### [EXERCISE DESCRIPTION]
From the top of the records below down to the line containing "Michael Kors Wayland", reproduce every line exactly.

### [DATASET]
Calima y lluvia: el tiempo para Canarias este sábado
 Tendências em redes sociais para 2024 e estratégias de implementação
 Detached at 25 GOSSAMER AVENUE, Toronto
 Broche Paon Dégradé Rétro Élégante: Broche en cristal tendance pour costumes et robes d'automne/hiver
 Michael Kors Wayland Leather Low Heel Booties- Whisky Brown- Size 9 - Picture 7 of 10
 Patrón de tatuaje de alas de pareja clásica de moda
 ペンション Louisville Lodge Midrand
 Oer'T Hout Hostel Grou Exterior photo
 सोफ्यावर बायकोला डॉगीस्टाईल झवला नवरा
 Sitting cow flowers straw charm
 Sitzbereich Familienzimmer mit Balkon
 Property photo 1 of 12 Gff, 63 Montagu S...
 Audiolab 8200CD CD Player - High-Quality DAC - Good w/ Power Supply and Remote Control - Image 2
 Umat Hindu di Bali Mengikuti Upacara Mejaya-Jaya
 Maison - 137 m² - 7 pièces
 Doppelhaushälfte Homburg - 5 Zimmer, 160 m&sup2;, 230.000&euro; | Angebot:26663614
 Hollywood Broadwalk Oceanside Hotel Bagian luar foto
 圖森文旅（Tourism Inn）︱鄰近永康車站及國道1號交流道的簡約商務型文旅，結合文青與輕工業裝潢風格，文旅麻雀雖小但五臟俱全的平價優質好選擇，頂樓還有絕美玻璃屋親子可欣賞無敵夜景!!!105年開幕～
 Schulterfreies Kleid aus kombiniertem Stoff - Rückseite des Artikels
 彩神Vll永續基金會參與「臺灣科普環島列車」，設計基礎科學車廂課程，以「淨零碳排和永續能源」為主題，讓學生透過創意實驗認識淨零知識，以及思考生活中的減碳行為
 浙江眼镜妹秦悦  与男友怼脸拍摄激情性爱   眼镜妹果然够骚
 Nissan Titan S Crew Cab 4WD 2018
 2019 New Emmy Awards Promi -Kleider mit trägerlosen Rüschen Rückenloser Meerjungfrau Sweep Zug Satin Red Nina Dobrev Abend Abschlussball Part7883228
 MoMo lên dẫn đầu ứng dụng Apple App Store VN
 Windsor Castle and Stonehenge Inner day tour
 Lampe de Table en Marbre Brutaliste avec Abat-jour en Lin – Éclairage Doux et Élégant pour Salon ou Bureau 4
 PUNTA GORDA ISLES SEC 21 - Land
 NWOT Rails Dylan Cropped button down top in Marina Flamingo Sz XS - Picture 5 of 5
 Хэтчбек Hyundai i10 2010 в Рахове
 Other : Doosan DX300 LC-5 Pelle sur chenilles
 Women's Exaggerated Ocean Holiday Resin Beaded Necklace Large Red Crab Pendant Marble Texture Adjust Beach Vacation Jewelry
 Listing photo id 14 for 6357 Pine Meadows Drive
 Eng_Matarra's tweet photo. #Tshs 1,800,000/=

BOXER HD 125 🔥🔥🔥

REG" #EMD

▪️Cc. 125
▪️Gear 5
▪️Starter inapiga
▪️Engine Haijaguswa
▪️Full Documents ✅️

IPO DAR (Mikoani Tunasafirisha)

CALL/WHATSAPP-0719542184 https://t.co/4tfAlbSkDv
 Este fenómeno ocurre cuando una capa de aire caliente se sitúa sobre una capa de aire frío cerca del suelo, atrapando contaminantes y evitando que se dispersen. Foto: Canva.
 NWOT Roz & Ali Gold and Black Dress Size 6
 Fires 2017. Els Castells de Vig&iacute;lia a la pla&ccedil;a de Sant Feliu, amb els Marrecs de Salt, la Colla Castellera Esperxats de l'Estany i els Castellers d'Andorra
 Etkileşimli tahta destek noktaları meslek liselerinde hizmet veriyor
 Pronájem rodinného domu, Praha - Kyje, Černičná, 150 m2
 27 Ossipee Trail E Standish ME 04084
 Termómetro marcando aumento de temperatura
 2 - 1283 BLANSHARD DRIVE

### [REPLY TO THE TASK]
Calima y lluvia: el tiempo para Canarias este sábado
 Tendências em redes sociais para 2024 e estratégias de implementação
 Detached at 25 GOSSAMER AVENUE, Toronto
 Broche Paon Dégradé Rétro Élégante: Broche en cristal tendance pour costumes et robes d'automne/hiver
 Michael Kors Wayland Leather Low Heel Booties- Whisky Brown- Size 9 - Picture 7 of 10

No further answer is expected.